Chapter 4. Regular Expression

Table of Contents

4.1. Syntax of regular expressions
4.2. Syntax of character sets

Regular expressions are the patterns that Alex uses to match tokens in the input stream.

4.1. Syntax of regular expressions

regexp  := rexp2 { '|' rexp2 }

rexp2   := rexp1 { rexp1 }

rexp1   := rexp0 [ '*' | '+' | '?' | repeat ]

rexp0   := set
         | @rmac
         | @string
         | '(' [ regexp ] ')'

repeat  := '{' $digit '}'
         | '{' $digit ',' '}'
         | '{' $digit ',' $digit '}'

The syntax of regular expressions is fairly standard, the only difference from normal lex-style regular expressions being that we allow the sequence () to denote the regular expression that matches the empty string.

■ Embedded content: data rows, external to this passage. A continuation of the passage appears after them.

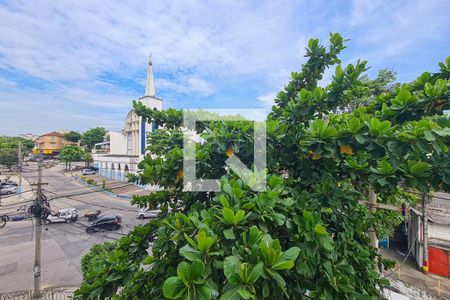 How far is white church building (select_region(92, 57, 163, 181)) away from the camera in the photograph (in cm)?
2323

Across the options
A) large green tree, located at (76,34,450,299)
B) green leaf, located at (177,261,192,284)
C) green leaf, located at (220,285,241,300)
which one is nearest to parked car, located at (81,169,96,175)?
large green tree, located at (76,34,450,299)

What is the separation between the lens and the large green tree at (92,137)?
4681 cm

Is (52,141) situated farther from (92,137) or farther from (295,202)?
(295,202)

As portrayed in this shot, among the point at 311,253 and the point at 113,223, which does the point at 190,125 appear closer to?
the point at 311,253

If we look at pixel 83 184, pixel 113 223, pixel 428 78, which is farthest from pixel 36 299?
pixel 83 184

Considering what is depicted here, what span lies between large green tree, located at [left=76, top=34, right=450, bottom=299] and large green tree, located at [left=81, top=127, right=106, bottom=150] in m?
51.1

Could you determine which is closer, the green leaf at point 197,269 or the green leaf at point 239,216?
the green leaf at point 197,269

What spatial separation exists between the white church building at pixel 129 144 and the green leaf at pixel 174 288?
22.0 m

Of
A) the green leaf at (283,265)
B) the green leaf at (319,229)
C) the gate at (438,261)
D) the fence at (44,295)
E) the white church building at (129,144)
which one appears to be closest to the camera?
the green leaf at (283,265)

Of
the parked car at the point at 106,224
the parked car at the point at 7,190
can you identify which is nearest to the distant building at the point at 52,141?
the parked car at the point at 7,190

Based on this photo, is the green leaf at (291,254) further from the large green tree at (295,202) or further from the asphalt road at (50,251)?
the asphalt road at (50,251)

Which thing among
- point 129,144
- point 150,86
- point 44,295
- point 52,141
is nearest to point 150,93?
point 150,86

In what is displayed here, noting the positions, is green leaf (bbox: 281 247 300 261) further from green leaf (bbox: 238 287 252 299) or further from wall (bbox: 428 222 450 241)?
wall (bbox: 428 222 450 241)

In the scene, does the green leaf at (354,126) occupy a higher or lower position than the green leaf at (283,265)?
higher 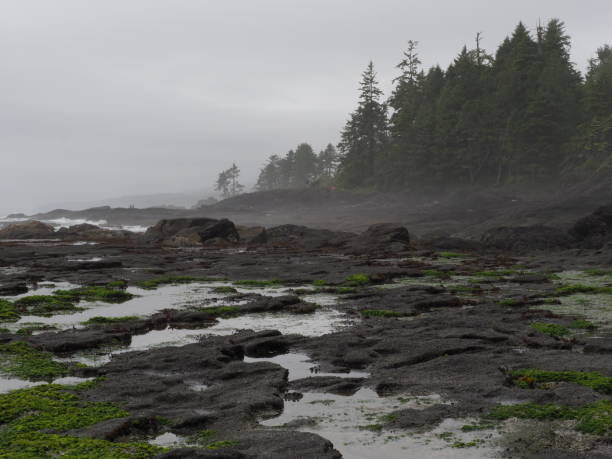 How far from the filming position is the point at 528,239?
3394 cm

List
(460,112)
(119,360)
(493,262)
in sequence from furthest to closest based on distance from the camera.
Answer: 1. (460,112)
2. (493,262)
3. (119,360)

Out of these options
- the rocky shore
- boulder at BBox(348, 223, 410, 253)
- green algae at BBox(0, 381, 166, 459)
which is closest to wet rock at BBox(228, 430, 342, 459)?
the rocky shore

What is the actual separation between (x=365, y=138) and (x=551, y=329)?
Result: 281ft

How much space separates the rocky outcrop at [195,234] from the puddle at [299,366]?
3305 centimetres

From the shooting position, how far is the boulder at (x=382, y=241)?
34656 millimetres

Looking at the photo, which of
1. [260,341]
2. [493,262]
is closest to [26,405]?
[260,341]

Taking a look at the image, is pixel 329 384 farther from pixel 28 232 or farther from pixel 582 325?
pixel 28 232

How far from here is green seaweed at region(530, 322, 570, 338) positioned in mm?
12220

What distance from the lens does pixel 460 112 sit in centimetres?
7369

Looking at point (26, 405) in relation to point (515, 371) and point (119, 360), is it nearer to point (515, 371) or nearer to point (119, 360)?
point (119, 360)

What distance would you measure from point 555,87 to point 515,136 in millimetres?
7165

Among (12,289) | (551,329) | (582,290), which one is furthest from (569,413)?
(12,289)

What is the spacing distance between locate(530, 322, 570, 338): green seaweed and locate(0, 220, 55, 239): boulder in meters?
45.8

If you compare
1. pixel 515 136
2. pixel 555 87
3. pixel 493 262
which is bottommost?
pixel 493 262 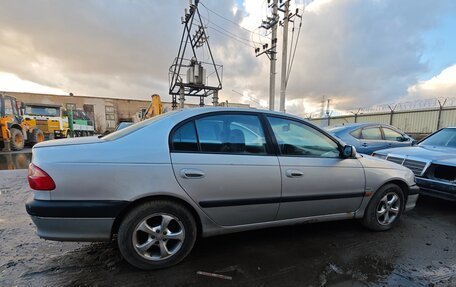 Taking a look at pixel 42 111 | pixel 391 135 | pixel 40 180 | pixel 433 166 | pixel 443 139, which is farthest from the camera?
pixel 42 111

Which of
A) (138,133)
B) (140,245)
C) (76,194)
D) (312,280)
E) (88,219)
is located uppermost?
(138,133)

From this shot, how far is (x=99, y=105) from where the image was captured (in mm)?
41656

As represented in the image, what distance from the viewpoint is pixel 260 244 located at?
3.00 m

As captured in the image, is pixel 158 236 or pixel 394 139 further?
pixel 394 139

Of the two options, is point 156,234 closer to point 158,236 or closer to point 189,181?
point 158,236

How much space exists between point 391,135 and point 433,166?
3248 millimetres

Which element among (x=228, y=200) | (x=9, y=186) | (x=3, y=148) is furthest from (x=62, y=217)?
(x=3, y=148)

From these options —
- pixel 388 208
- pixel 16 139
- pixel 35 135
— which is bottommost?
pixel 388 208

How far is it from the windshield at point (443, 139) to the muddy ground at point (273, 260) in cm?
221

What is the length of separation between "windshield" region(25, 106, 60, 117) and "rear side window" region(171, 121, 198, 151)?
736 inches

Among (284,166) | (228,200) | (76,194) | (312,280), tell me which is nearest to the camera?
(76,194)

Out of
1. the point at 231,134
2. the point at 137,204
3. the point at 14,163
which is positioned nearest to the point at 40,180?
the point at 137,204

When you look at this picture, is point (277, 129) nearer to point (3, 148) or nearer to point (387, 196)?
point (387, 196)

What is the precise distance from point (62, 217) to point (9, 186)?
4934 millimetres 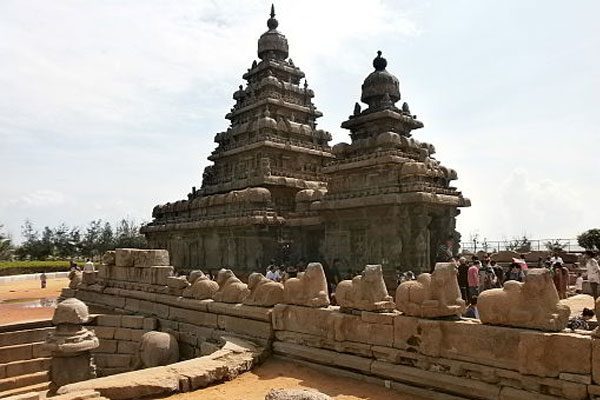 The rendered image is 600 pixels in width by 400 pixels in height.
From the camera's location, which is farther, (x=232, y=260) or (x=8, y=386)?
(x=232, y=260)

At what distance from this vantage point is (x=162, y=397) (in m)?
6.13

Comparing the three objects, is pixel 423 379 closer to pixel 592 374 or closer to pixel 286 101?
pixel 592 374

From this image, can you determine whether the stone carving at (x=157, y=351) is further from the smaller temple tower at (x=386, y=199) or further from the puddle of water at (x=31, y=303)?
the puddle of water at (x=31, y=303)

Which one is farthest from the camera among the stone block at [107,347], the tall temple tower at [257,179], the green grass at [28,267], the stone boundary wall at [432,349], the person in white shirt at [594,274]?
the green grass at [28,267]

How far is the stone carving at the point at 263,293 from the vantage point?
329 inches

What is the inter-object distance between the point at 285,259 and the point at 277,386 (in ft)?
45.2

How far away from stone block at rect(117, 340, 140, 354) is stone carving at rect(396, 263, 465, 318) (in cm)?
796

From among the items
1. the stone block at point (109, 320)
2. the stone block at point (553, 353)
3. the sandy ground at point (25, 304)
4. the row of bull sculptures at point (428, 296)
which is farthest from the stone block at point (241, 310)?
the sandy ground at point (25, 304)

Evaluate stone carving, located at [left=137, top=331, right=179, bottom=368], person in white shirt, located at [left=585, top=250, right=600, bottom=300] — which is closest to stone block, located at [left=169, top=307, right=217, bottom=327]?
stone carving, located at [left=137, top=331, right=179, bottom=368]

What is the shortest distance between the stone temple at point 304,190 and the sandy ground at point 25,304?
659cm

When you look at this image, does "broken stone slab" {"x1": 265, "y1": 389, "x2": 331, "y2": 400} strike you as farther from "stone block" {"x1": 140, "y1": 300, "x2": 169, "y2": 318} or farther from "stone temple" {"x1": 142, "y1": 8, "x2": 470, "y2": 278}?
"stone temple" {"x1": 142, "y1": 8, "x2": 470, "y2": 278}

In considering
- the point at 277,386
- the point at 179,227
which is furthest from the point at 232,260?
the point at 277,386

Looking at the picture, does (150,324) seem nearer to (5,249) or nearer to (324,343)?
(324,343)

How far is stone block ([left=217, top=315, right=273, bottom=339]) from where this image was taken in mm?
8180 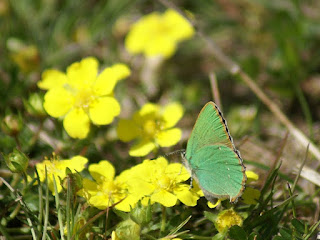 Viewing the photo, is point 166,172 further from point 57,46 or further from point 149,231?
point 57,46

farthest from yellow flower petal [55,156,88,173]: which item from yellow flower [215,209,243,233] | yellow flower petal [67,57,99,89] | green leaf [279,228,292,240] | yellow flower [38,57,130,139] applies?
green leaf [279,228,292,240]

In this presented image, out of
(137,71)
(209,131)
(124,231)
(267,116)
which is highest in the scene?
(209,131)

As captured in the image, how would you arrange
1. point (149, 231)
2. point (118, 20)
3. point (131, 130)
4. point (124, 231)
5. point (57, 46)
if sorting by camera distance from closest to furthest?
point (124, 231) < point (149, 231) < point (131, 130) < point (57, 46) < point (118, 20)

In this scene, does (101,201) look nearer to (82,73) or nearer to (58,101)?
(58,101)

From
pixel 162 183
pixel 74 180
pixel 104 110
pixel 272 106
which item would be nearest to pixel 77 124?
pixel 104 110

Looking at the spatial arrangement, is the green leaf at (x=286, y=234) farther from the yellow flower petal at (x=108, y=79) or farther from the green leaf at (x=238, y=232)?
the yellow flower petal at (x=108, y=79)

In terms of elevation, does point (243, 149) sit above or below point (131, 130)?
below

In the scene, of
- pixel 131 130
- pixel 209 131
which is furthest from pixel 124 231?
pixel 131 130

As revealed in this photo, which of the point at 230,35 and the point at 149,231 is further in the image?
the point at 230,35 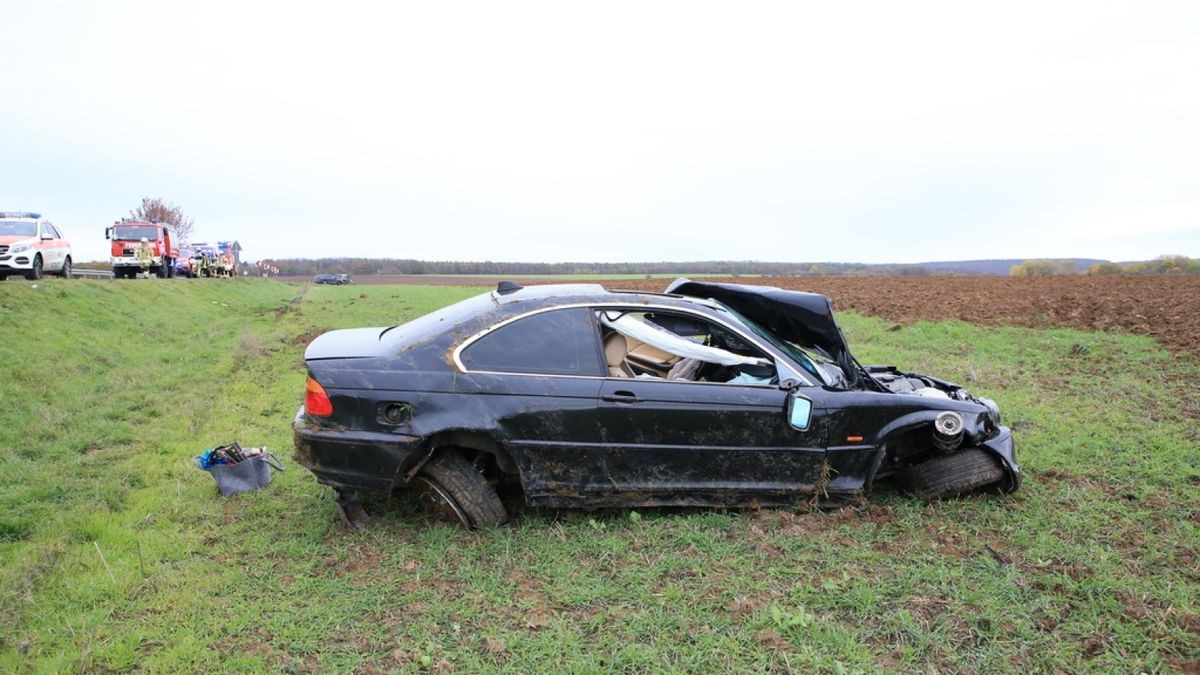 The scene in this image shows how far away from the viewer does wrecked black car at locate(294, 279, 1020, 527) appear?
12.5ft

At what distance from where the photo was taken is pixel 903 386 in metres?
4.96

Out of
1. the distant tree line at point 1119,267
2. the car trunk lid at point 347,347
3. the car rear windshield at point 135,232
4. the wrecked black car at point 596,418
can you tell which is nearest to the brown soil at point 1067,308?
the wrecked black car at point 596,418

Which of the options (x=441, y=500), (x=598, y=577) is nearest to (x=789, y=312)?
(x=598, y=577)

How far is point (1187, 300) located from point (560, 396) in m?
20.1

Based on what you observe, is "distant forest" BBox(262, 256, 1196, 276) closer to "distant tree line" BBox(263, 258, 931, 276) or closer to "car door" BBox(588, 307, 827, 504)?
"distant tree line" BBox(263, 258, 931, 276)

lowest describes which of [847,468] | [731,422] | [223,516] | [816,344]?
[223,516]

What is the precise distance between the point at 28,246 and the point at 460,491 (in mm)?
18053

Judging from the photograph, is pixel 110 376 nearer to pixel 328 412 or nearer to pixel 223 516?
pixel 223 516

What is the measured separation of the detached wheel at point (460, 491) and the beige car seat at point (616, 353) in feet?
3.43

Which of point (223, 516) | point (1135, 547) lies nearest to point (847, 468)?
point (1135, 547)

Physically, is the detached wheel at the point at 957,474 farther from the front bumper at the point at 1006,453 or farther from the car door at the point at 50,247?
the car door at the point at 50,247

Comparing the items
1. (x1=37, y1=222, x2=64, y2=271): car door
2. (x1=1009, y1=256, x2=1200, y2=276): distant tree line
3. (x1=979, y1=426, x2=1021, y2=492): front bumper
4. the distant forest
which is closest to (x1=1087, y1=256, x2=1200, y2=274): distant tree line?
(x1=1009, y1=256, x2=1200, y2=276): distant tree line

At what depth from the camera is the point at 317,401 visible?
3846 millimetres

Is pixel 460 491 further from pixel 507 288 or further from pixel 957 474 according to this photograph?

Spaces are ignored in a regular expression, so feel free to space out your regular expression as much as you like, even split it over multiple lines and include comments. Literal whitespace can be included by surrounding it with quotes "   ", or by escaping each whitespace character with \.

set

Matches any of the characters in set. See Section 4.2, “Syntax of character sets” for the syntax of sets.

@foo

Expands to the definition of the appropriate regular expression macro.

"..."

Matches the sequence of characters in the string, in that order.

r*

Matches zero or more occurrences of r.

r+

Matches one or more occurrences of r.

r?

Matches zero or one occurrences of r.

r{n}

Matches n occurrences of r.

r{n,}

Matches n or more occurrences of r.

r{n,m}

Matches between n and m (inclusive) occurrences of r.